After periods of increasing globalization in trade, investment, and immigration, the global economy is becoming increasingly decentralized. Measures of trade openness have been on a steady decline as restrictions on movement of goods rise. Technology has been at the center of growing fragmentation. Export controls on critical raw materials have seen a sharp increase, especially amid the current U.S.-China tensions, with a rising number of restrictions linked to national security or strategic competition.
In recent years, the U.S. has imposed a sweeping set of export controls to cut China off from procuring advanced technologies aimed at slowing Beijing’s technological and military advances. Japan and other politically aligned economies are following the U.S.’ lead on measures to restrict Beijing’s access to advanced technology. The Japanese government recently announced tighter regulations on semiconductor equipment exports to China.
China seeks to emerge as the leader of the next era of globalization, but its reputation is tarnished by efforts to displace Western firms from key markets and arbitrary actions against businesses and trade partners. Beijing sees export control measures as a violation of the World Trade Organization’s rules; the Chinese government in retaliation launched its own review of imports from America’s largest chipmaker. Geopolitical factors have been weighing on Chinese exports, an important pillar of growth. This can be clearly observed in falling exports to competitor states (see above chart), despite domestic demand holding up relatively well in these markets.

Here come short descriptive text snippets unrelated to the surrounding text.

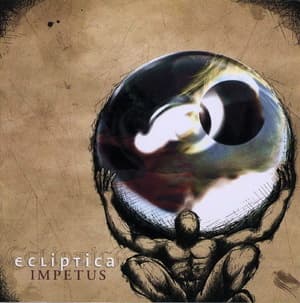 Impetus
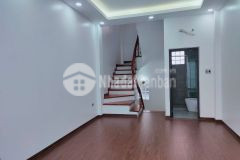 Chính chủ cần bán nhà phố ái mộ bồ đề long biên hà nội. hơn 4 tỷ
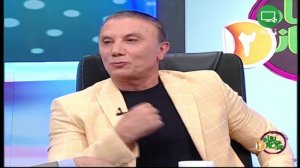 ابراز تاسف حمید درخشان و استیلی از توقیف لوگوی پرسپولیس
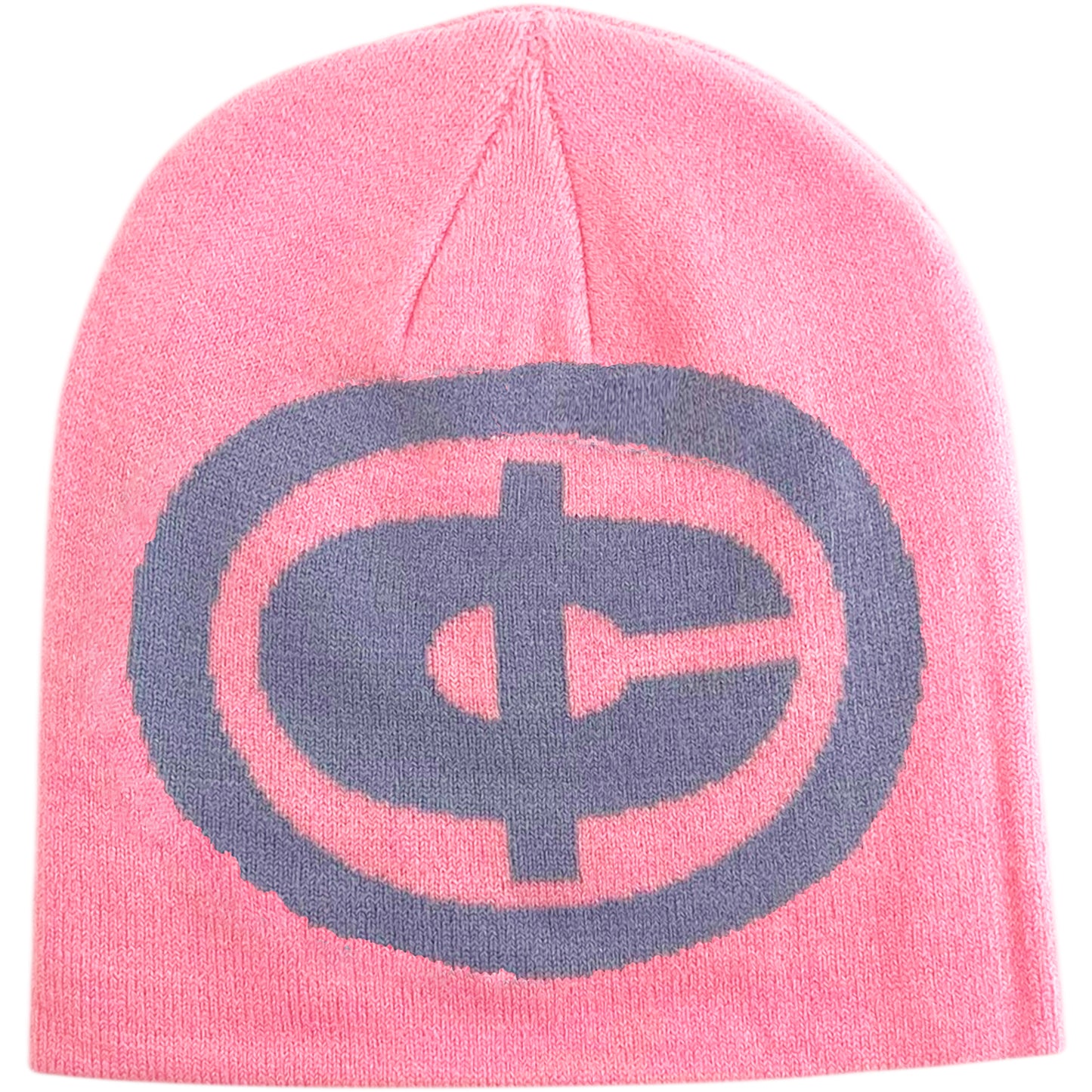 CENT BEANIE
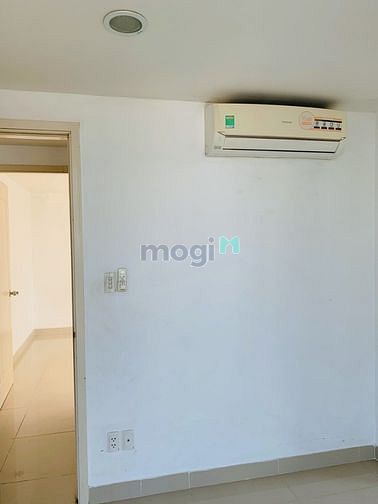 Hình ảnh Mb6623 nạp rút nhanh chóng cách Quận 8 chỉ 2km, diện tích 72m2 chỉ 1.95 tỷ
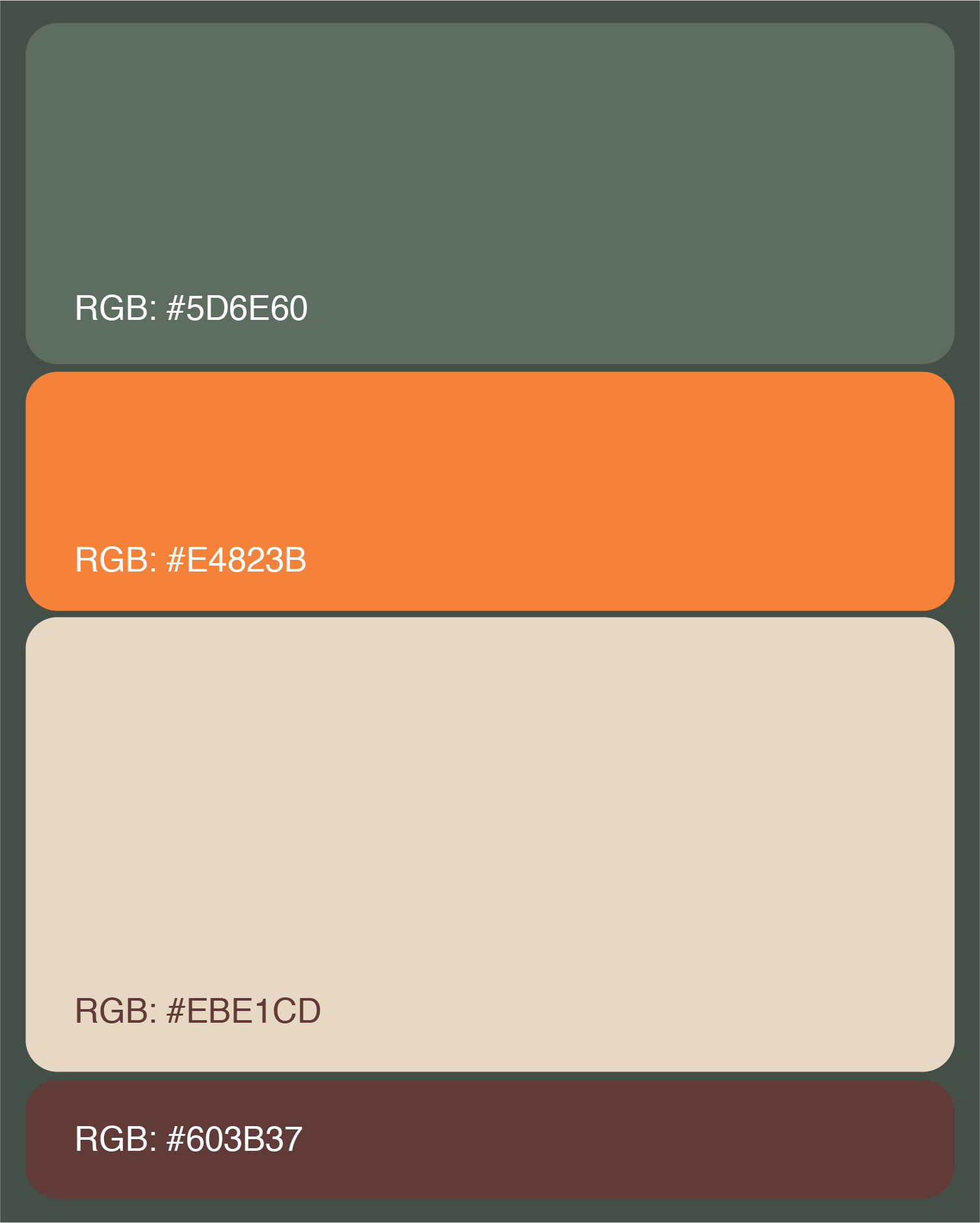Artboard 6.png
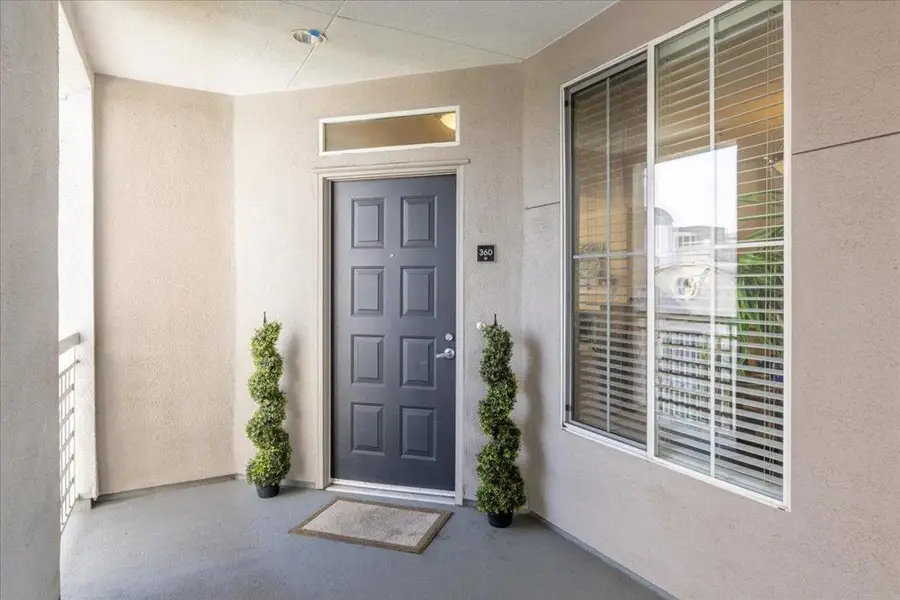 3901 Lick Mill Boulevard #360, Santa Clara, CA 95054 - #2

The trend is starting to alter the business landscape. Firms’ interest in realigning supply chains has been growing. Companies are increasingly focused on building resilience to minimize security and logistical risks by shifting production to geopolitically aligned markets. Unlike the globalization cycle, manufacturing decisions are guided by government policies more than efficiency considerations. And this strategy carries its own risks: aside from higher costs, reshoring or friend-shoring will reduce diversification, making economies more vulnerable to economic shocks.
Fragmentation is becoming visible in foreign investment and financial flows. As tariffs and trade frictions rise, financial links also suffer. European nations are pushing for more stringent screening of foreign investments. Countries like Canada and Australia have blocked bids by Chinese companies for domestic corporations. In recent years, India has stepped up scrutiny of Chinese foreign direct and portfolio investments to avoid takeovers of domestic firms. Foreign direct investment (FDI) has already become a casualty of increased fragmentation, with flows more concentrated among geopolitically aligned states and strategic sectors.
Developing and emerging economies will be among the biggest losers from the emergence of geopolitical blocs or fragmentation of FDI flows. Many EMs rely heavily on foreign investments from advanced economies which often are not geopolitically aligned and have been major sources of foreign investments. FDI fragmentation will lead to large output losses, to the tune of 2% of global output, according to the International Monetary Fund.
The economic costs of fragmentation will be far greater than any benefits. Declining global cooperation will shrink the world economy, especially hurting low-income nations. Estimates of the long-term loss from technology decoupling range from 7-12% lower global economic output. Higher costs and lower productivity will complicate central banks’ efforts to tame inflation.
While the world is becoming more fragmented politically and economically, we are hopeful that it is not the beginning of the end of globalization. Economic considerations such as efficiency and corporate profits will continue to hold significance in production decisions.
Huge potential losses from growing fragmentation underscore why global integration needs robust defense, but with a different strategy that caters to all sections of society. Given the evolving nature of economies and challenges, the existing globalization model also needs to evolve. But the solution on offer is not going to fix the problems. It will only feed more discontent.